SUPPLIED INFORMATION –

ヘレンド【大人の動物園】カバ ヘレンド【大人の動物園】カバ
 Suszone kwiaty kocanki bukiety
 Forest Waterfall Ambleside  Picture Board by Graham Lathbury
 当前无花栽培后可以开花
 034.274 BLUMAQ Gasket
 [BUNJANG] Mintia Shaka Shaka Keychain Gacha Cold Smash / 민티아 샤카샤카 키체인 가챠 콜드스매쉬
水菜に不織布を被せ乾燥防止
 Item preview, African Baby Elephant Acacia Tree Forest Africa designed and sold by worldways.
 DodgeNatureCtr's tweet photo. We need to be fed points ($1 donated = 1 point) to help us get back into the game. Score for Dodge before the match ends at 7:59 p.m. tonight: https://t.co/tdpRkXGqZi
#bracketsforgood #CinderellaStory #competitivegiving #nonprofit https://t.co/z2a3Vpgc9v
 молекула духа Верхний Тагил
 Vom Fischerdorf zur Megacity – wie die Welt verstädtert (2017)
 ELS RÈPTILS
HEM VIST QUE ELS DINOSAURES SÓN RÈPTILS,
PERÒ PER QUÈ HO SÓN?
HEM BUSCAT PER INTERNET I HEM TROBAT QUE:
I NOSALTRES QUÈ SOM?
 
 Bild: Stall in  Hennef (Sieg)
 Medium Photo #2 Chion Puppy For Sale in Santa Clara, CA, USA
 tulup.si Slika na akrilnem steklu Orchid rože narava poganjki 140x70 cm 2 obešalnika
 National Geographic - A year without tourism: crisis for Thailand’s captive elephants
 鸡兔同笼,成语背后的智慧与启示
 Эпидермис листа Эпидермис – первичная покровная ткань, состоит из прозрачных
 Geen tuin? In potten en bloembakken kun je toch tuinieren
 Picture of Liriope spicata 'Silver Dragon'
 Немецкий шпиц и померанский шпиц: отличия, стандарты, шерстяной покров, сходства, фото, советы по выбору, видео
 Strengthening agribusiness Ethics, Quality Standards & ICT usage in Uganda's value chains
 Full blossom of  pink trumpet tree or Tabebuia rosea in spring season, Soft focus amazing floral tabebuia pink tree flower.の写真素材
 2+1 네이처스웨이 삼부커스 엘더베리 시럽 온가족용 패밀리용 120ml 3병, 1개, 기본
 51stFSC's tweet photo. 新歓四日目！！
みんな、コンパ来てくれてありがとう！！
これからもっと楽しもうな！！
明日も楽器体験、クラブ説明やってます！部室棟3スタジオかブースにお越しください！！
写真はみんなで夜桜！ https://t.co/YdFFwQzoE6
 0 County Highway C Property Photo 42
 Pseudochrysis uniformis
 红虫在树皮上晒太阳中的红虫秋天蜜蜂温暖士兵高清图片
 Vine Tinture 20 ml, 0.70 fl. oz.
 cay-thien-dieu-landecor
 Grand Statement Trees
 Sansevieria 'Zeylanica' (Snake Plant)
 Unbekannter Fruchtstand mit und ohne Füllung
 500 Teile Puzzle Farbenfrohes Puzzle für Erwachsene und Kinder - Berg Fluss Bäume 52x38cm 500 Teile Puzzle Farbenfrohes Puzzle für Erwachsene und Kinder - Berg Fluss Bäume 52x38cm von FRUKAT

WHAT YOU HAVE TO DO – Starting at the first line of the records, print each line exactly, stopping after the line that contains "Picture of Liriope spicata 'Silver Dragon'".

REPLY –
ヘレンド【大人の動物園】カバ ヘレンド【大人の動物園】カバ
 Suszone kwiaty kocanki bukiety
 Forest Waterfall Ambleside  Picture Board by Graham Lathbury
 当前无花栽培后可以开花
 034.274 BLUMAQ Gasket
 [BUNJANG] Mintia Shaka Shaka Keychain Gacha Cold Smash / 민티아 샤카샤카 키체인 가챠 콜드스매쉬
水菜に不織布を被せ乾燥防止
 Item preview, African Baby Elephant Acacia Tree Forest Africa designed and sold by worldways.
 DodgeNatureCtr's tweet photo. We need to be fed points ($1 donated = 1 point) to help us get back into the game. Score for Dodge before the match ends at 7:59 p.m. tonight: https://t.co/tdpRkXGqZi
#bracketsforgood #CinderellaStory #competitivegiving #nonprofit https://t.co/z2a3Vpgc9v
 молекула духа Верхний Тагил
 Vom Fischerdorf zur Megacity – wie die Welt verstädtert (2017)
 ELS RÈPTILS
HEM VIST QUE ELS DINOSAURES SÓN RÈPTILS,
PERÒ PER QUÈ HO SÓN?
HEM BUSCAT PER INTERNET I HEM TROBAT QUE:
I NOSALTRES QUÈ SOM?
 
 Bild: Stall in  Hennef (Sieg)
 Medium Photo #2 Chion Puppy For Sale in Santa Clara, CA, USA
 tulup.si Slika na akrilnem steklu Orchid rože narava poganjki 140x70 cm 2 obešalnika
 National Geographic - A year without tourism: crisis for Thailand’s captive elephants
 鸡兔同笼,成语背后的智慧与启示
 Эпидермис листа Эпидермис – первичная покровная ткань, состоит из прозрачных
 Geen tuin? In potten en bloembakken kun je toch tuinieren
 Picture of Liriope spicata 'Silver Dragon'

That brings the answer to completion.